Neptune, enfin, est un gros goinfre prêt à tout pour un vestige de navet ou un croûton de pain rassis. Lorsque sa maîtresse passe devant le local à poubelles, il tire comme un fou en direction dudit, langue pendante et queue déchaînée. Pour Diane Badoise, c’est le désespoir. À cette âme distinguée, il semble que son chien aurait dû être comme les jeunes filles de la bonne société de Savannah, dans le Sud confédéré d’avant la guerre, qui ne pouvaient trouver mari que si elles feignaient de n’avoir point d’appétit.

Au lieu de cela, Neptune fait son yankee affamé.

Journal du mouvement du monde n°2

Du Bacon pour le cocker

Dans l’immeuble, il y a deux chiens : la whippet des Meurisse qui ressemble à un squelette recouvert de croûte de cuir beige et un cocker roux qui appartient à Diane Badoise, la fille de l’avocat très prout prout, une blonde anorexique qui porte des imperméables Burberry. La whippet s’appelle Athéna et le cocker Neptune. Juste au cas où vous n’auriez pas compris dans quel genre de résidence j’habite. Pas de Kiki ni de Rex chez nous. Bon, hier, dans le hall, les deux chiens se sont croisés et j’ai eu l’occasion d’assister à un ballet très intéressant. Je passe sur les chiens qui se sont reniflé le derrière. Je ne sais pas si Neptune sent mauvais du sien mais Athéna a fait un bond en arrière tandis que lui, il avait l’air de renifler un bouquet de roses dans lequel il y aurait eu un gros steak saignant.

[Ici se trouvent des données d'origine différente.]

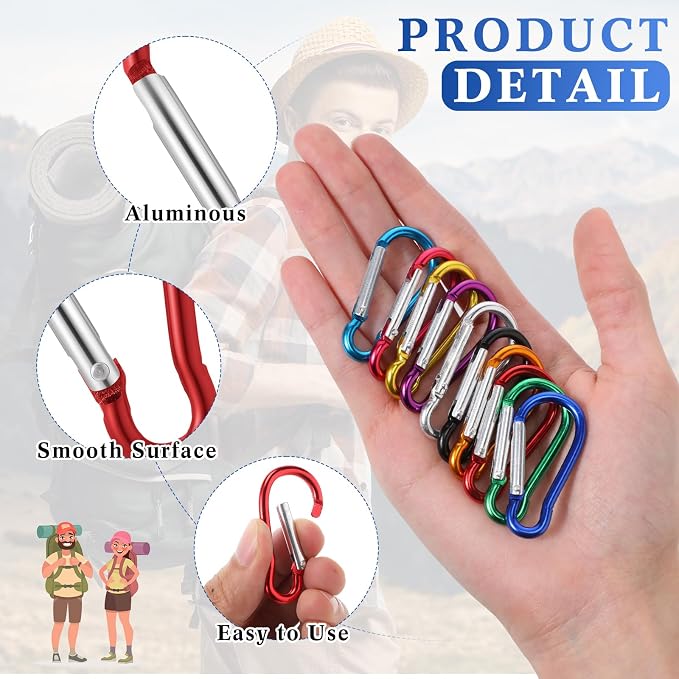 Yaocom 300 Pcs 2" Carabiner Bulk Small Carabiner Clip - Image 3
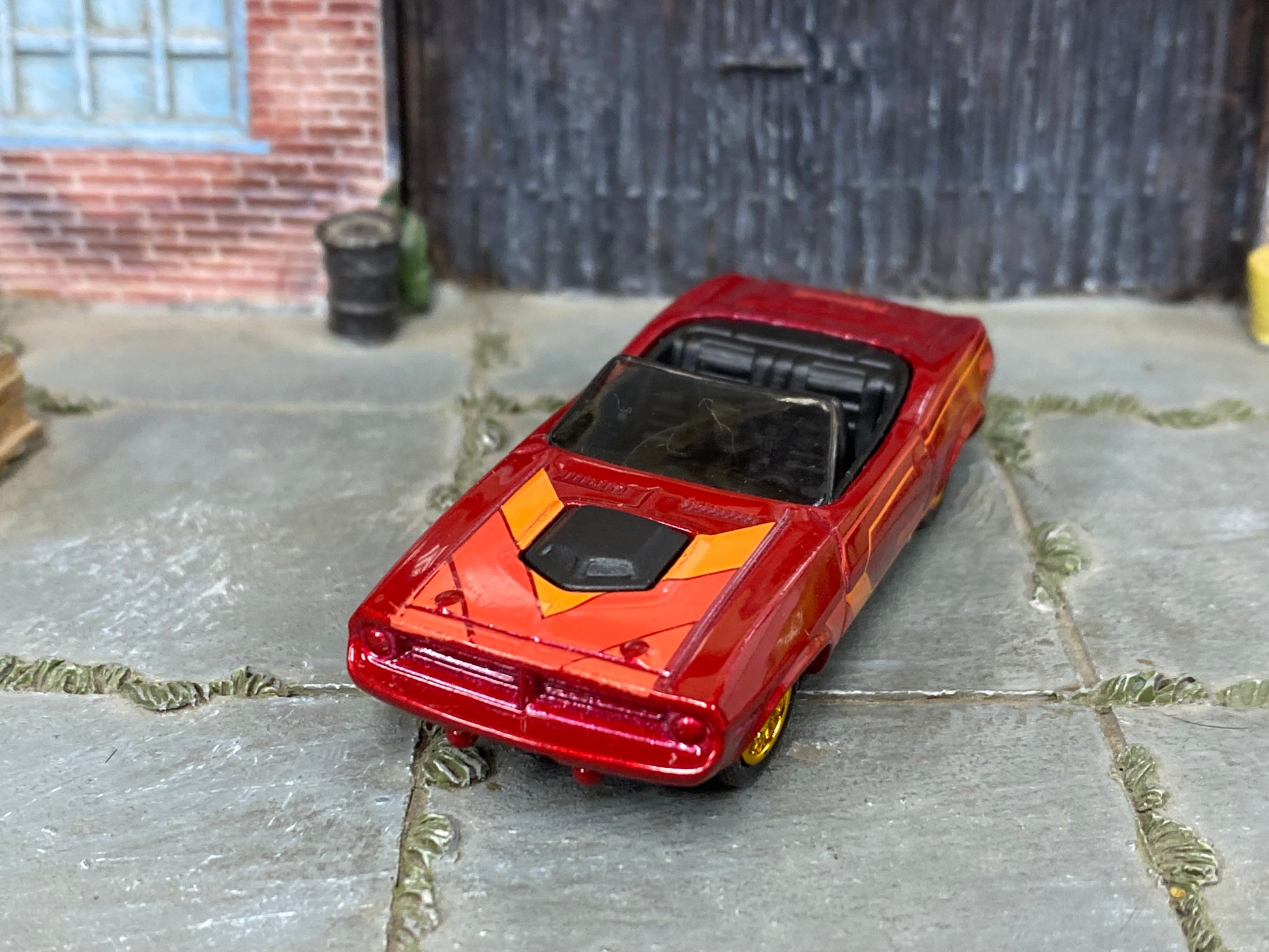 Custom Hot Wheels - Plymouth Barracuda - Red and Orange - Gold Mag Wheels - Rubber Tires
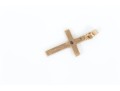 14k Yellow Gold Classic Florentined Finished Cross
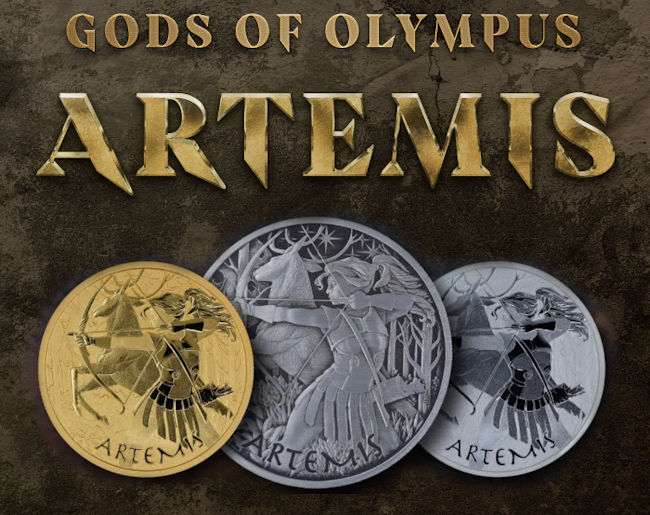 Silbertresor's tweet image. PerthMint: Gods of Olympus (8.) 🏹 Artemis 🏹 in Gold &amp;amp; Silber -&amp;gt; Jetzt bestellen!: 11605.seu.cleverreach.com/m/14571895/ 
#PerthMint #GodsOfOlympus #Silbertresor #Artemis #Gold #Silber #Goldmünzen #Silbermünzen #Sammlermünzen #Münzensammler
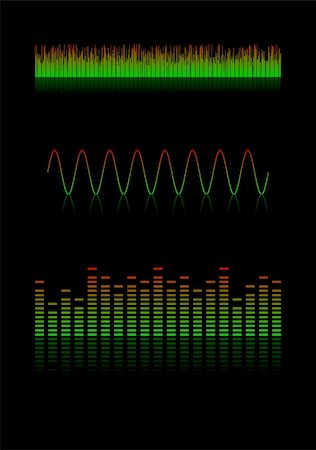 simsearch:400-05298041,k - Set of 3 different sound waves. Available in jpeg and eps8 formats. Foto de stock - Super Valor sin royalties y Suscripción, Código: 400-05177582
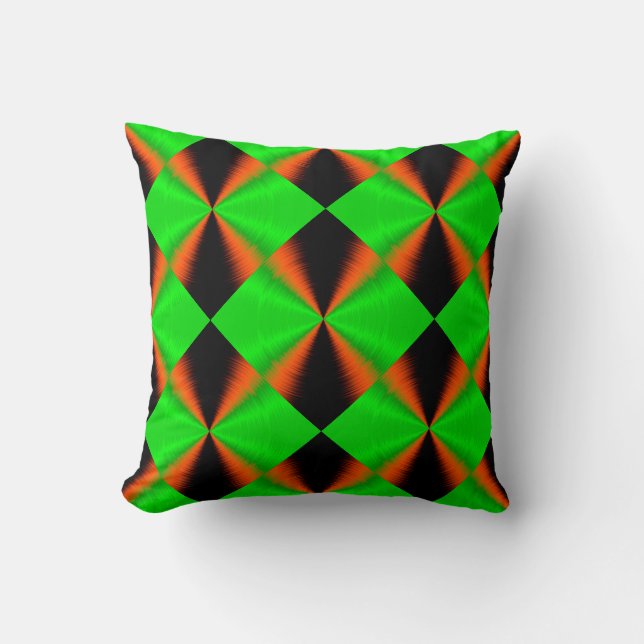 Oranje zwart Groen Kussen (Voorkant)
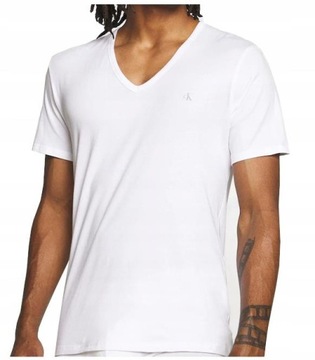 CALVIN KLEIN Biały V-Neck Oryginalny T-Shirt L
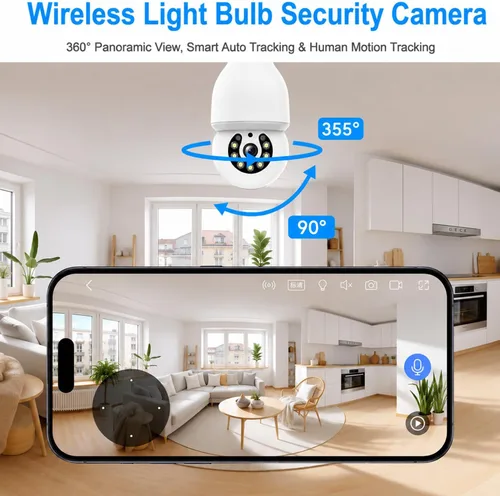 Miniatura 10 de Light Bulb Security Camera, 5G&2.4GHz WiFi Light Bulb Cameras Wireless Outdoor Indoor, Lightbulb Camera for Home Security, Two-Way Talk,Color Night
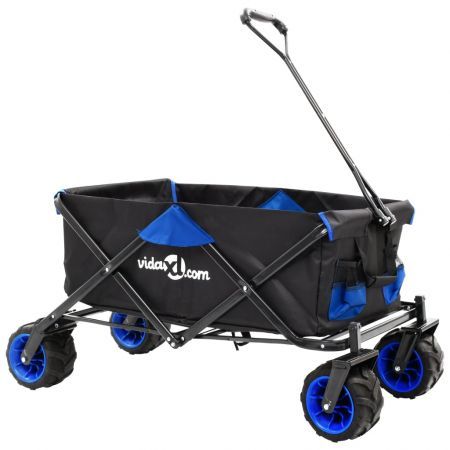 Folding Hand Trolley Metal Blue and Black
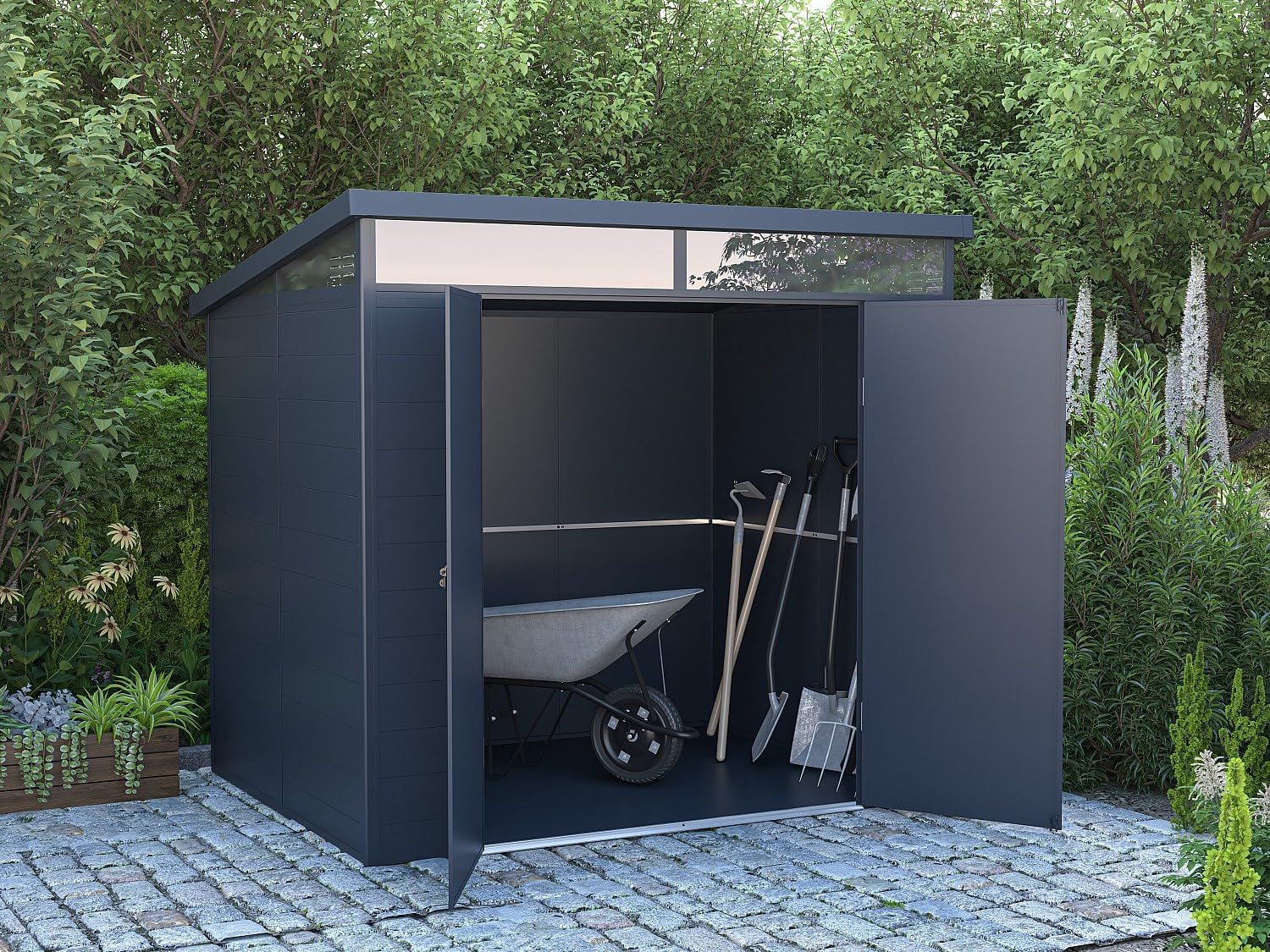 Vente-unique - Abri de Jardin en résine Gris Anthracite 4,57 m² avec Plancher - MINARO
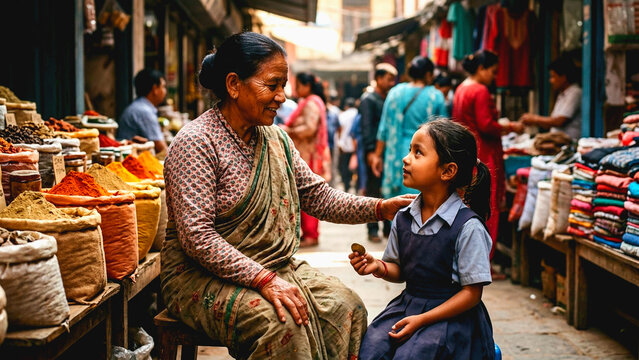 Mature Indian woman and young schoolgirl interacting at a traditional spice market in India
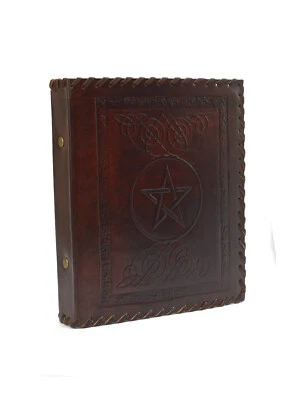 Pentagramm Stern Akten Ordner 2 Ring DIN A5 Echtes Büffel Leder Handmade Prägung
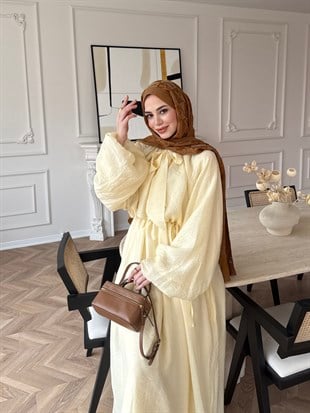 Lucky Bağlamalı Elbise Sarı (2340)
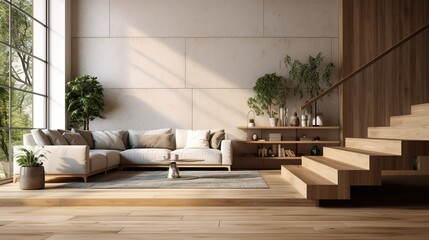 Modern living room with white walls, wooden floor, stairs, sofa and table. Created with Ai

Non, ce qui était intéressant, c’étaient les deux humaines au bout des deux laisses. Parce que, en ville, ce sont les chiens qui tiennent leur maître en laisse, quoique personne ne semble comprendre que le fait de s’être volontairement encombré d’un chien qu’il faut promener deux fois par jour, qu’il pleuve qu’il vente ou qu’il neige, revient à s’être soi-même passé une laisse autour du cou. Bref, Diane Badoise et Anne-Hélène Meurisse (même modèle à vingt-cinq ans d’intervalle) se sont croisées dans le hall chacune au bout de sa laisse. Dans ces cas-là, c’est tout un pataquès ! Elles sont aussi empotées que si elles avaient des palmes aux mains et aux pieds parce qu’elles ne peuvent pas faire la seule chose qui serait efficace dans cette situation : reconnaître ce qui se passe pour pouvoir l’empêcher. Mais comme elles font mine de croire qu’elles promènent des peluches distinguées sans aucune pulsion déplacée, elles ne peuvent pas beugler à leurs chiens d’arrêter de se renifler le cul ou de se lécher les coucougnettes.